Di Facebook ada seorang teman memposting sebuah lukisan Van Gogh. Aku tentu saja terpesona dan terpana kepada lukisan itu. Baru saja aku berguman dan ingin berkomentar sesuatu tentang lukisan itu. Eh, seorang teman lain yang juga terpesona, berkomentar kurang lebih sama dengan yang akan aku komentari, bernada tanya:
“Mengapa dengan lukisan sedahsyat itu (juga lukisan-lukisan lain yang juga dahsyat) Van Gogh, konon hanya ‘mampu’ menjual 2 buah lukisan selama kariernya melukis dan juga hidupnya yang singkat (37 tahun). Itu pun dengan harga yang hanya setara dengan beberapa potong roti untuk sekadar pengganjal perut untuk bertahan hidup?”
Pertanyaan (tepatnya rasa penasaran) seperti yang dilontarkan temanku itu, sesungguhnya juga rasa penasaran banyak orang.
Aku ingin,…wah apa istilahnya ya? Bukan ingin menjawab, tapi sekadar blanyongan dan mereka-reka atau menguthak-athik-gathuk saja, begini.
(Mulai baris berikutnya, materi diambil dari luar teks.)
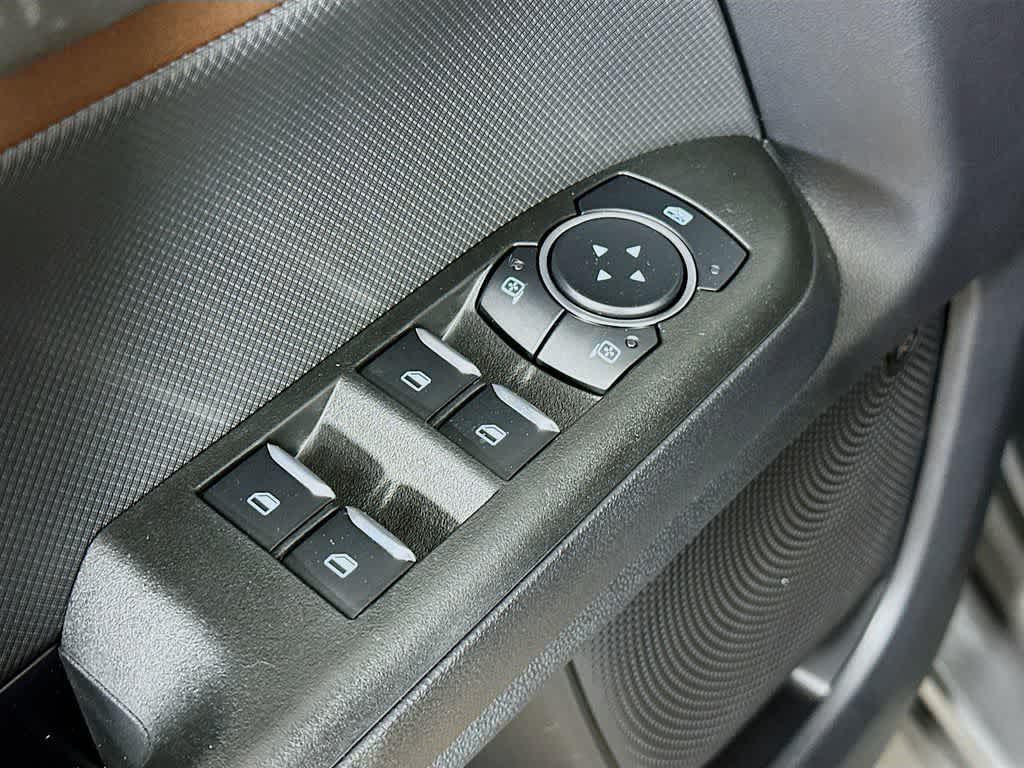 Thumbnail: 2025 Ford Bronco Sport - 29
Rasa penasaran tentang Van Gogh itu, menjadi beberapa pertanyaan dalam benakku. Betulkah, dia se-‘kere’ itu? Betulkah untuk sekadar membeli roti penggajal perut saja Van Gogh menjual lukisannya (dengan harga beberapa potong roti)?.
Mari ikut dengan blanyonganku. Sesungguhnya, Van Gogh, bolehjadi, jangan-jangan, tak terlalu blangsak. Tak sebkangsak itu. Atau keblangsakannya bukan tak mungkin, karena kisah hidupnya terlalu didramatisir oleh manajemen modern tentang lukisan-lukisannya di kemudian hari. Sebab jika dia sungguh-sungguh ‘hanya mampu’ menjual lukisan dengan harga beberapa potong roti, bukankah harga kanvas, kuas, cat dan perlengkapan melukis lainnya malah lebih mahal daripada harga roti?. Atau Van Gogh adalah type khas seperti pelukis pada umumnya yang di sini populer dengan ungkapan “Mending beli cat dan kanvas, daripada beli beras?”.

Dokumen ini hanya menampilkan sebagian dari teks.